Austrian conductor (1928–2020)

Norbert Balatsch (/de/; 10 March 1928 – 6 May 2020) was an Austrian conductor, especially known as a choral conductor, who began as a baritone choir singer. He was the long-term choir director of both the Vienna State Opera and the Bayreuth Festival. Two of his recordings won Grammy Awards.

== Life ==
Born in Vienna on 10 March 1928, he was a member of the Wiener Sängerknaben boys' choir from 1938 to 1944. From 1952, Balatsch was a baritone in the opera chorus of the Vienna State Opera. A year later, he also became the conductor of a Vienna men's chorus, the Wiener Männergesang-Verein. At the State Opera, he eventually became the long-term choral conductor at the house, first leading the Extrachor from 1965, then as vice choral conductor in 1967, and in 1968 as Chordirektor (chorus director), a position he held until 1983.

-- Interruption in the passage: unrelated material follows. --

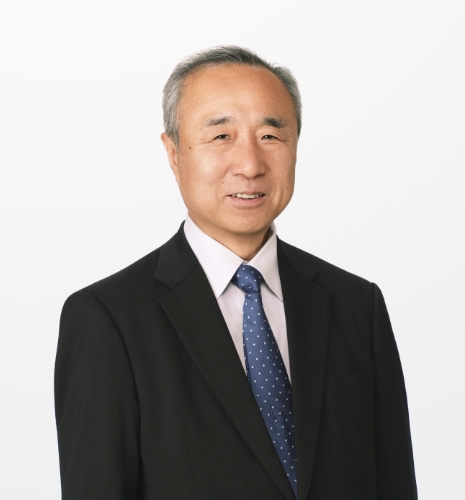 Portrait photo of NGK FINE MOLDS, INC. CEO Katsumi Morita.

From 1975 to 1980, he also directed the New Philharmonia Chorus, which had previously been, and from 1977 was again known as, the Philharmonia Chorus. He was the chorus director of the Bayreuth Festival from 1972 to 1999, collaborating with conductors including Karl Böhm, Dennis Russell Davies, Eugen Jochum, Carlos Kleiber, James Levine, Peter Schneider, Giuseppe Sinopoli, Georg Solti, and Silvio Varviso. The Bayreuth performances were broadcast live and recorded. In 1972, he led the choir in Tannhäuser, directed by Götz Friedrich and conducted by Erich Leinsdorf alternating with Horst Stein, and in further years by Heinrich Hollreiser (1973 and 1974) and Colin Davis (1977 and 1978). From 1976, Balatsch prepared the choir for the Jahrhundertring there, staged by Patrice Chéreau and conducted by Pierre Boulez. His last production was in 1999 Der fliegende Holländer, conducted by Daniel Barenboim.

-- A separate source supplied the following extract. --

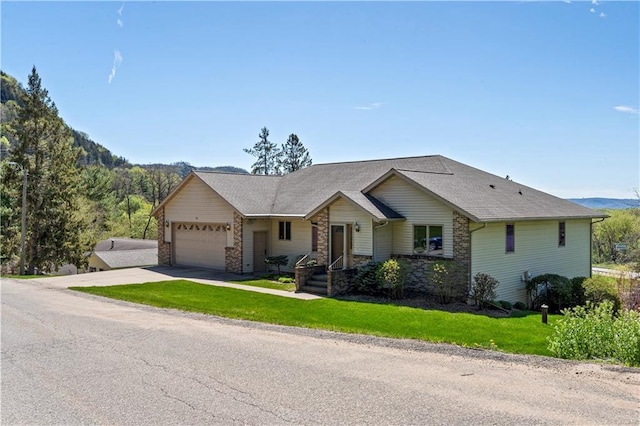 ranch-style house featuring a garage, driveway, and a front lawn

From 1983, Balatsch was the conductor of the Coro dell'Accademia Nazionale di Santa Cecilia. In concerts with Lorin Maazel, he prepared the chorus for Beethoven's Ninth Symphony and Fidelio, and Roméo et Juliette by Berlioz. From 1999 to 2001, Balatsch was the director of the Wiener Sängerknaben. Among others, he prepared the boys for a 2000 recording of Bach's St Matthew Passion conducted by Nikolaus Harnoncourt.

Balatsch rehearsed choruses for numerous recordings, two of which won Grammy Awards in the category Best Choral Performance: Mozart's Requiem in 1981 with Carlo Maria Giulini conducting the Philharmonia Orchestra & Chorus, and Bach's St Matthew Passion in 2001. In 2006, he returned to the Vienna State Opera for a production of Schoenberg's Moses und Aron. He was awarded an honorary membership of the house after the last performance of that production on 19 June 2006.

Balatsch died in Vienna on 6 May 2020 at age 92.

== Awards ==
Balatsch was awarded the Goldener Ehrenring (Ring of honour in gold) from Bayreuth. He received the Ehrenring from the Vienna State Opera. In 2008, he was awarded the great cross of the Order of Merit of the Italian Republic (Cavaliere di Gran Croce Ordine al Merito della Repubblica Italiana).